Pretend doctor kits from the fifties, in addition to plastic stethoscopes, frequently featured bottles of candy “play medicine” like this vintage “Country Doctor” kit from Ebay.
When my youngest brother was still a toddler—before the introduction of child-resistant caps—he helped himself to a bottle of children’s chewable, orange-flavored Bayer aspirin. Luckily, our quick-thinking baby-sitter discovered him and (with her finger down his throat) helped him to throw it all up into the toilet.
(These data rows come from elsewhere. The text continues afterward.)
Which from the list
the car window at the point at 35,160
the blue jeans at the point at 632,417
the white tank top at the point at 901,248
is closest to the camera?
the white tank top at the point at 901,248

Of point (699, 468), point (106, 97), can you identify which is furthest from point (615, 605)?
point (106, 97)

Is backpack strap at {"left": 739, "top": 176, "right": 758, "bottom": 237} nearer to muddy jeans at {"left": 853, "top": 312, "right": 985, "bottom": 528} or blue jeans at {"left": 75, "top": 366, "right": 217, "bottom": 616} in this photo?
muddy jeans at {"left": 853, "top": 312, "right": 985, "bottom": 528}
That close call must have been sometime in the early to mid-1960s. In 1970 our US congress passed the “Poisons Prevention Packaging Act” (PPPA) which requires that products, potentially harmful to children, be packaged in a child resistant manner.
Interesting, the term child resistant. Like a lot of people, I’ve been calling those caps “child-proof” and therein lies one of the reasons why child-resistant caps have turned out not to be the life-saving safety measure they were intended to be.
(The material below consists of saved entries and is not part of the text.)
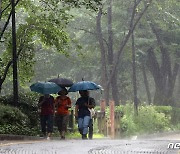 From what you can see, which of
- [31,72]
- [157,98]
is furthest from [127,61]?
[31,72]

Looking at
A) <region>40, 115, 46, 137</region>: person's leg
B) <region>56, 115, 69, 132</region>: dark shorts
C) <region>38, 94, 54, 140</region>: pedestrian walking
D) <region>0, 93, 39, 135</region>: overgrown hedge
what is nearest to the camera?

In an article from the 1984 issue of American Economic Review, “The Lulling Effect: The Impact of Child-Resistant Packaging on Aspirin and Analgesic Ingestions,” economist, Kip Viscusi [1] cites an unfortunate, unforeseen effect of the PPPA regulations in leading consumers to overestimate a package’s safety. In a 2007 interview, Viscusi had this to say about safety caps:
In the case of safety caps… there were mandatory safety cap requirements on aspirin and other potentially dangerous products that children might try to get into. So what happened? Because parents thought the safety caps made them risk-free — in fact, they were first called “childproof” caps by the Consumer Product Safety Commission — people started leaving the bottles around in the open rather than storing them, giving kids greater access. In some cases, people left the caps off altogether because they were so hard to grapple with every time you wanted to open the bottle.
Spring 2007, Region Focus
(Region Focus is the quarterly magazine of the Federal Reserve Bank of Richmond)
A 2005 CBS News feature (link to video clip here) showed how easy it was for children to open a
wide range of supposedly child-resistant packaging. Calling this type
of cap “child-proof,” is the sort of misnomer that may mislead parents
into dropping their guard.
Are we underestimating our children’s ability to open tricky packaging, if we trust child-resistant caps? Part of the problem is that candy and pharmaceuticals have been so historically intertwined [2] that children naturally tend to confuse the two.
(More after the jump…)
Candy manufacturers, hoping to capitalize on childhood “pretend play,” often package candy to resemble other things. Sometimes this is harmless, as when candy looks like another type of food—(candy as soda pop, for example). But sometimes the possibility of childhood confusion has more serious ramifications.
Maybe toothpaste and band-aid ingestion by children has not been a problem for SweetTarts Squeez and Hubba Bubba “Ouch!” Bubble Gum. In the case of pills and candy, however, the resemblance is already so striking—and so much medicine is so pleasantly flavored—that to package candies to look even more like medicine—or medicine to look even more like candy—is something that most manufacturers seem to be avoiding these days. But there are some exceptions.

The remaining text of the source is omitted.